I stopped smoking weed... its been two months now and I sort of miss it. But I just saw it doing nothing positive for me and burning a hole through my wallet.
That rocks that you're able to recognize a negative influence in your life and take the steps to change it. We need a society with more people like you.
Hey whatever fills ure twinky... but look in comparison to other things we spend on that burn holes in our wallet that we dont really need........ In a female's case, millions of shoes, purses, makeup, and whatever else. Not saying its bad, but its desires that keep us happy, and with weed-im willing to pay for it =) Good luck =]
Haha...I heard addiction defined as "continuation of a behavior despite the consequences". Perhaps she's got the right of it and all of us dropping cash and time for weed are the unknowing addicts.
Addiction is the continuation of a behavior despite NEGATIVE consequences. Money is a consequence of food, and we continue that. Food isn't neccessarily an addiction, although we do need it to survive.
Good for you, lakeoffire. I pretty much took/am taking the same route. I find that now, more than anything else, pot just makes me freak out and over analyze things. I don't have fun that much, anymore.

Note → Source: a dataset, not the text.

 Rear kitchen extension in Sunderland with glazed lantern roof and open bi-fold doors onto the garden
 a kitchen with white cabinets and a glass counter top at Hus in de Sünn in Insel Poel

Right now weed is fucking up my future, I almost got expelled for all of my high school career and now im under probation. I am also quiting because even though it is great I feel my future is more important, like for me to get a job and go to collage and shit like that. and if I fail one of my random piss tests I will get expelled for four years and I will go to court. So maybe its the best thing to stop now and maybe continue later... And also your right, It is expensive.
So WEED wasnt the cause of your fuck ups Flurp.... it was your dumb mistakes that got you were you are today. Like, you wouldnt have gotton expelled if your ass hadnt taken it to school. See? Dont be so quick to say that where you are today is because of weed, dont point fingers man, accept your own faults.
For me, it's a matter of how weed makes me feel and think, when I'm high. I still have some great times, and for that reason I don't think I'll ever COMPLETELY quit. But, I'm definetly cutting back majorly, and pretty much rendering it to a once in a while recreational thing.
I honestly could care less about smoking... I just really care about my girl but I still have another fucking 17 months to go so I'm just smokin' to pass the time away I guess...
Been two and a half years for me.... adult-onset asthma forced my decisoin. I haven't completely shut the door on partaking again though it won't be for a good long time unless a brownie finds its way inside my little universe. Glad the decision works for you.